Relationship Strain
The longing for comfort, predictability, and security is inherent in all human beings. We may feel weighted down, cramped, caged, and suffocated under an excessive degree of rootedness.
In addition to roots, we humans also need wings in order to fly. Many of us opt for continuity and predictability rather than risk the instability that can come with change and growth. Unfortunately this attachment can, in the long run, squeeze the juice out of a relationship. The quest for eternal security can lead to boredom, complacency and, ultimately, stagnation. Truths are left unsaid, needs repressed, desires denied, all in order to avoid conflict. What had felt like security can begin to feel like a trap, a prison. Love it to death. Too much of a good thing can become a bad thing.
While in most relationships each holds the stronger, freedom or security. What distinguishes great marriages from good ones is that each partner is able to honor both of these aspects and are able to move fluidly between them. In this case, the relationship becomes invigorated with a kind of vitality that promotes co-creativity, instead of co-dependency, and there is a quality of ease and mutuality that pervades the couples' shared life.

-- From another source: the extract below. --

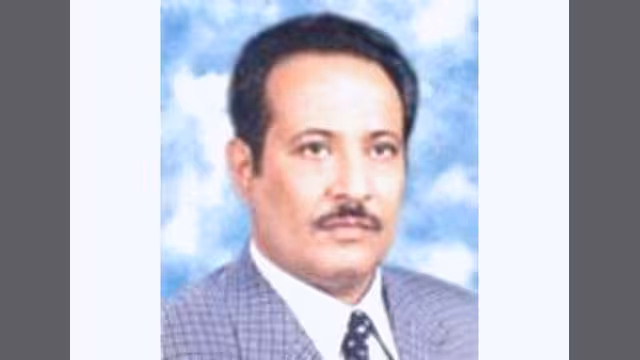 عيد وميعاد..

A romantic partnership involves the interplay of many polarities, giving and receiving, action and contemplation, feeling and thinking, separateness and connection, and others. While few of us are comfortable taking both sides of each duality, we can learn to appreciate the value of our partner's ability to bring compensation into the relationship, those tendencies that are less developed in ourselves.
Most likely our natural tendencies will remain dominant in our predisposition. If possible to strengthen our less dominant side through practice, by paying attention to our partner and learning from them. By risking going into the areas that feel unsafe again and again, we can gradually become more graceful in this dance.
To prevent the stultifying influence of excessive predictability, there needs to be a full-hearted commitment on the part of both partners to maintain and deepen the passion and vitality of their relationship. We can keep the relationship in great shape by taking good care of it, making it a high priority, checking in with our partner and ourselves, every day is not too often. Being completely honest about any dissatisfaction and resentment, and consistently expressing through our words and actions, the love we feel inside. A passionate relationship requires room for expression of all feelings, gratitude, joy, hurt, fear, sadness, disappointment, loneliness, guilt, shame, resentment, anger and even rage. It is the willingness to risk authenticity and honesty that fuels romantic passion. As Zorba says,
"the full catastrophe."
Keeping the mutual adoration flame burning requires a commitment on both partner's parts to stay on the path of ongoing growth and discovery. It's never too late to make a different choice, even if your relationship has gone flat. It takes courage to make and put those choices to good use. Of course there may be risks to disturbing the status quo, but they are small compared to the potential benefits.
A delicate balance of security and adventure, the familiar and the novel, characterizes relationships that sparkle over the decades. A fierce loving connection, with the freedom to be your unique separate self is a genuine possibility for us all. It's a piece of work to have all the moving parts humming along, but well worth the effort.